エルロンの他にも何人もの里の者が俺の周りに集まり、声をかけてくる。
今俺は、イリンと環と離れて一人で里の訓練場までやって来ていた。
俺たちの誓いの儀式の準備が始まってから今日で五日が経過し、その間に里にいる全員に話は通ったようで、俺はどこに行っても視線の的となっていた。
なのであまり外を出歩きたくないのだが、女側と違ってなにも用意することのない男側は、儀式の時までしっかりと訓練をしておくというのが一応準備になるらしい。
まあ、明確にそうと決まっているわけではないのだが、みんな儀式ですぐにやられるのが嫌だと言って修練しているそれが習慣化したのだという。
確かに、殴り合いが始まって一撃でやられたらかっこ悪い。いくら問題がないとは言っても、好きな人の前で少しも見せ場がないと言うのは堪えるものがあるだろう。
俺だってここの人たちに身体能力に劣るとはいえ、なにもせずに終わるのは嫌だ。
「うぎぎぎ……どうしてあんな奴に……」
そんなわけで少しでも生き残れるように訓練場にいる人たちに稽古をつけてもらうことになったのだが、そこにはイリンのことが大好きなイーラがいた。
どうやらイリンに足を折られてもその愛情は衰えることはないらしく、初日の夕食で叫んだあとは、こうして俺を見るたびに修羅のような形相で俺を見ている。

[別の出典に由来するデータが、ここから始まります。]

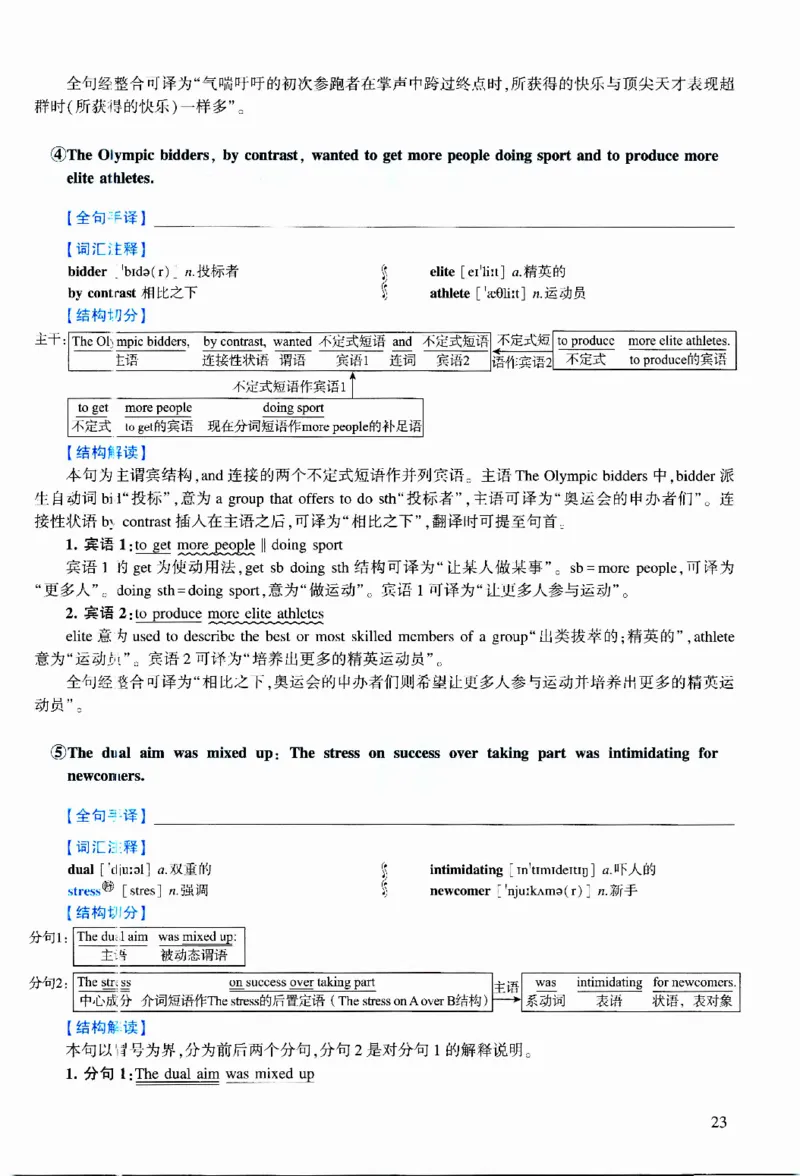 2017年逐词逐句精讲册_考研英语真题（英一＋英二）_考研英语真题_考研英语二历年真题_❤️4.英语二（逐词逐句）纸质版也是24之前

幸いなのは俺に手を出すことはないことだが、このままでは儀式の時にボコボコにされる気がする。
「おうおう、やってんなあ」
「ウォルフ」
その場にいた人達に協力してもらって訓練をしていたのだが、そろそろ終わりにするかなと思っているとウォルフが悠々とやってきた。
どうやら本当に儀式の準備はウォードに一任しているらしく、こう言う時に取り仕切るはずの長だというのにウォルフは暇らしい。
もう終わりにしようと考えていたところなので、丁度いいと思い俺は訓練相手になってくれた人たちに礼を言ってから帰路に着くことにした。
「おう。どうだよ、調子は」
「あー、やっぱきついな。これでも王国の騎士相手だと魔術なしでもそれなりに戦えたんだけど、ここの奴ら相手だと、なかなか勝てねえわ」
「はんっ、集団で敵をボコることを前提に鍛えてる奴らと比べんな」
「みたいだな」
──ァォォォォォォォ……
そうしてウォードの家に帰りながら話していると、どこからか犬の遠吠えのような音が聞こえた。
音の聞こえた方へ振り向いたが、その方向には森しかない。それも街道に出る方向じゃなくて、もっと森の奥に向かう方向だ。
その音には覚えがあった。今回この里にきた時もそうだが、ここの人たちは遠吠えをして連絡している。それは普段は使わず緊急時や急ぎの時にしか使わないらしいが、それが今聞こえたと言うことはなにかしら問題があったのだろうか?
「……今のは遠吠えか? もしかして何かあった──」
そう思ってウォルフへと向き直ったのだが……
「あの野郎。諦めてなかったのか……」
そう言ったウォルフの表情は強い怒りと嫌悪。それと……悔しさ、だろうか? そんないろんな感情が入り混じった複雑なものだった。
「おいウォルフ。なにがあった?」
「……イリンはどこだ。家にいんのか?」
「あ? ああ。今は準備で飾りを作ってるはずだけど……」
「そうか」
俺の問いに答えることなくが逆に問い返してきたウォルフは、短くそれだけ言うと走り出した。
「あ、おいっ! どうしたってんだよ」
「……」
突然走り出したウォルフの背を追って俺も走るが、相変わらず俺の問いに答えてはくれない。
「イリン!」
そうして辿り着いたのはウォードの家。ウォルフは家に着くと乱暴に玄関の扉をあけて大声でイリンをよんだ。
「長。先ほどのは……」
だが、自室に篭って誓いの儀式用に飾りを作っていたはずのイリンは、なぜか環やイーヴィンたちとともにリビングにいた。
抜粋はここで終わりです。